While many people support the concept's development into an actual product, there are objections as to the concept's viability and ultimate impact.

=== Economic feasibility ===
One challenge this concept faces is the great amount of money and manufacturing required in order to make the Phonebloks system a viable competitor with other major smartphone developers. Without many manufacturers producing bloks, there would be a limited selection of bloks to choose from, taking away from the open-source appeal of the system.

=== Technical barriers ===
Because all bloks are external of the main board, signals between components have to travel for significantly longer distances.

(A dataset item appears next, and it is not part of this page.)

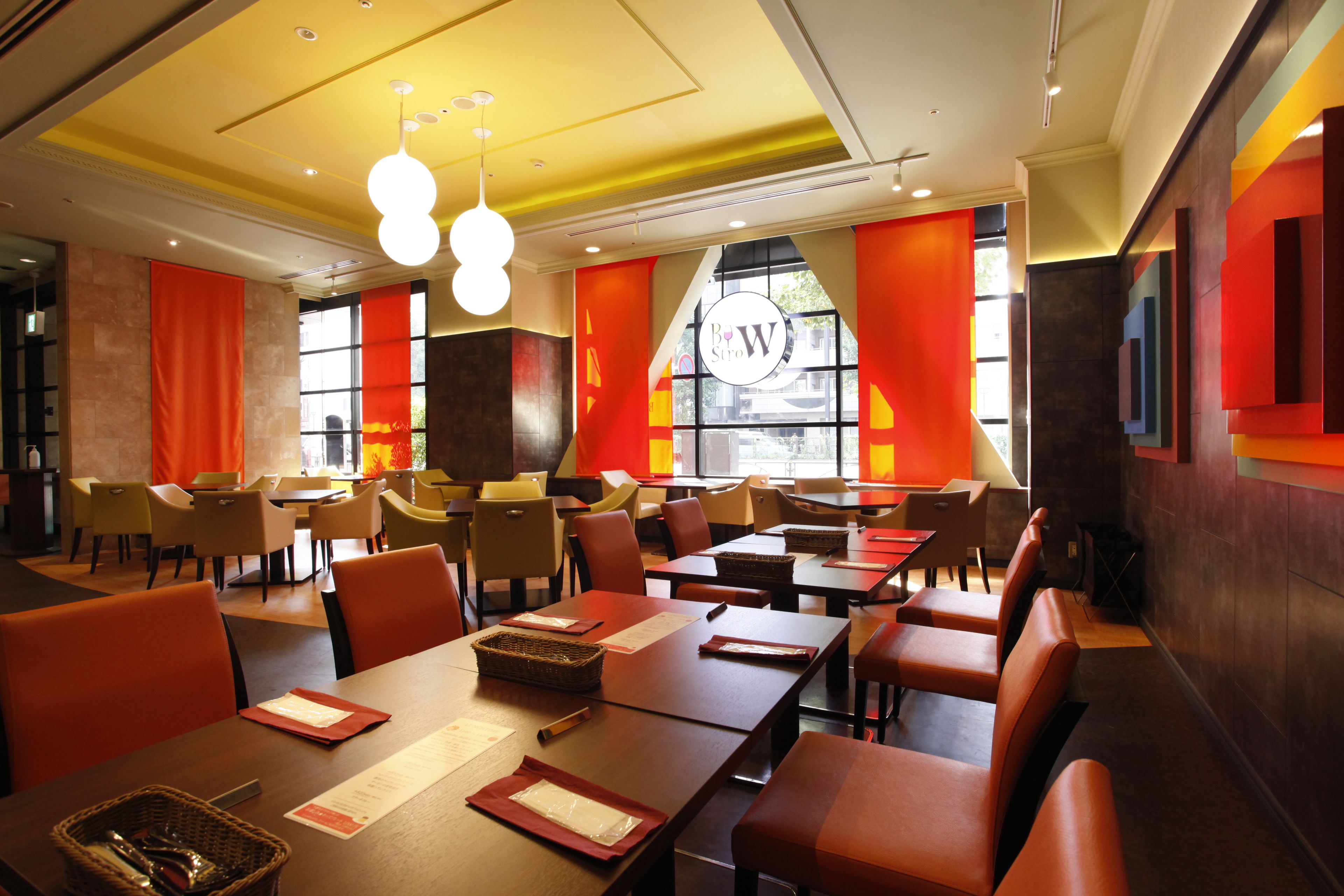 Foto - KOKO HOTEL Shinjuku Yotsuya- formerly Hotel Wing International Premium Tokyo Yotsuya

This extra distance could lead to drops in signal quality, lower data transfer speeds and increased power consumption due to added interfacing resistance. In addition, the quality of connection needed would require expensive Pogo pins and sockets, and developing a system to allow the user to arbitrarily place bloks would be very difficult. The end product would likely be much thicker than non-modular smartphones, and the bloks would be at risk of dislodging from the main board.

RF design of a modular phone would be a challenge. Antennas integrated into the main body of the phone would require RF routing to the RF modem(s) in the modules and could limit the frequencies on which the phone could operate, necessitating different phones for different networks. Antennas integrated into modules could be less efficient due to limited space and EM interactions with adjacent modules, limiting range.

=== Potential increase of e-waste ===
Despite Hakkens' stated goal of lessening electronic waste, critics have argued that, if put into practice, the concept could actually increase e-waste output. They argue that by producing constantly better components, the consumer would have more pressure on them to replace several parts every few months; frequent replacement of bloks could add up to more waste on average than getting a new phone every two years.

==Implementation==
After exceeding his goal of 900,000 supporters on Thunderclap by October 2013, Hakkens started collaborating with Motorola on Project Ara, a more practical modular smartphone system consisting of an endoskeleton with slots on the back where bloks can slide in. Hakkens encourages the supporters of Phonebloks to stay involved in the design process. However, this project was later cancelled.